From Link Building No-Nos to Keyword Stuffing, The SEO Landscape Has Changed Over the Years
Search engine optimization goes back to the late 1990s when search engines first made it easier to find what you were looking for on the web. Then came Google with its first-of-its-kind algorithm to try to ensure popular content rose to the top of search results. From then on, the SEO landscape has constantly shifted as people found ways to artificially inflate their site’s ranking and Google countered with their latest, and supposedly greatest, algorithm.
That has led to the obsolescence of several SEO tactics that were once effective. Some of these are relatively benign and simply a waste of time, while others could cause serious repercussions for your site should you employ them. Here are some of the most prominent:
Poorly-Written Content and Article Directories
In the bad old days, you could hire a bunch of people with questionable writing skills to bang out articles by the hundreds crammed full of key words, spin each of them a hundred times, and post the whole mess to as many article directories and blogs as you could find. Well, that entire paradigm died a well-deserved death back in 2011 thanks to Google’s Panda update. Now, your content needs to be well written and relevant in order for it to rank well on search engines. Article directories have been banished to oblivion, and bloggers are a lot more careful regarding the type of guest posts they accept.

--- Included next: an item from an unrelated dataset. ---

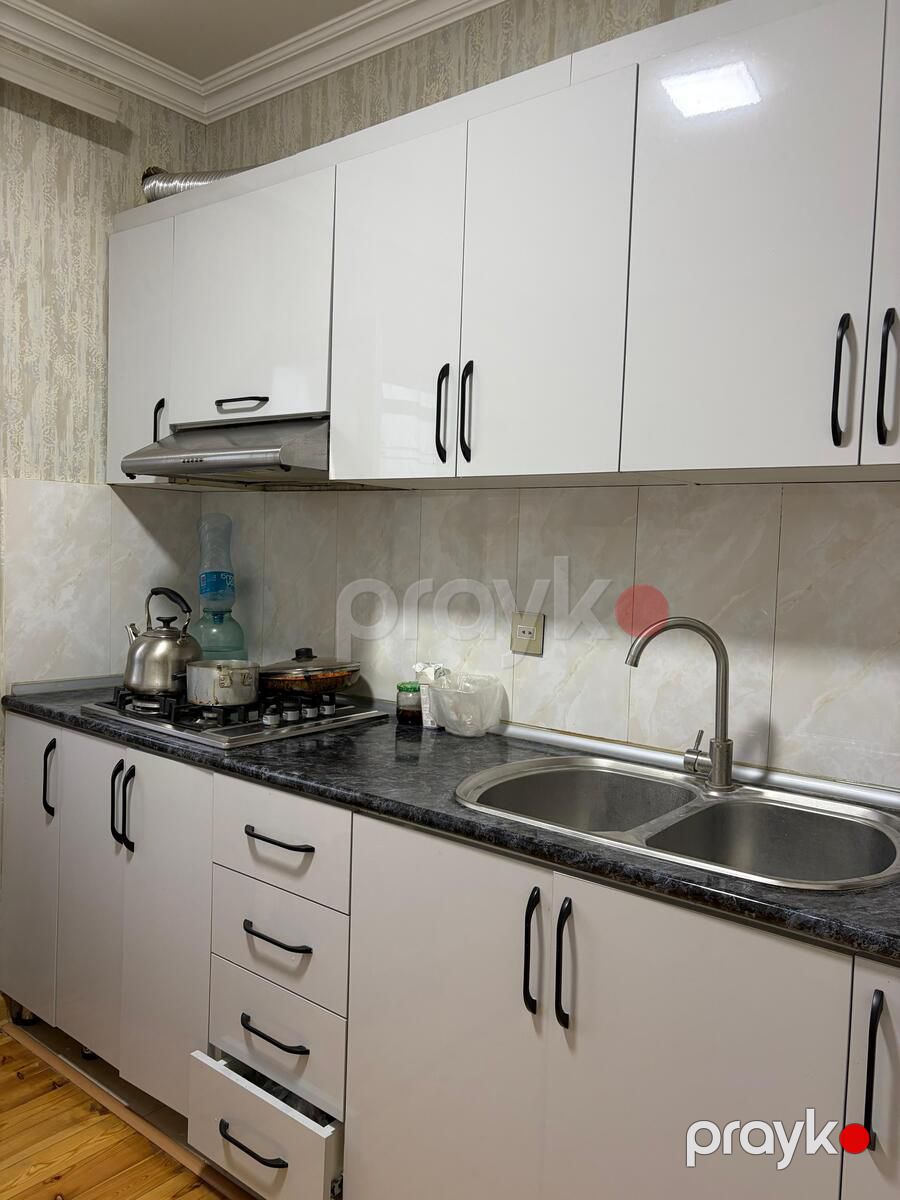 Satılır 3 otaqlı həyət evi/bağ evi 90 m² — Ev, villa, Bakı (5)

If you’re trying to get your name out there, your best bet is a two-pronged approach: Create content that highlights your expertise, and get mentions from high-authority bloggers in your niche.
Interlinking Irrelevant Websites
One tactic that enjoyed some temporary success and popularity was to create a bunch of websites and link them all together, thereby increasing the authority of your primary website. Google has since become hip to this tactic, and it’s now very easy for it to detect this pattern and punish all the websites involved. So, this is a definite no-no today.
However, if you do have websites that are legitimately related, you can link between them without worrying that you’ll come to Google’s attention in a bad way. For example, if you run a real estate agency with an associated mortgage-finding service, you can provide links from your agency website without running afoul of Google.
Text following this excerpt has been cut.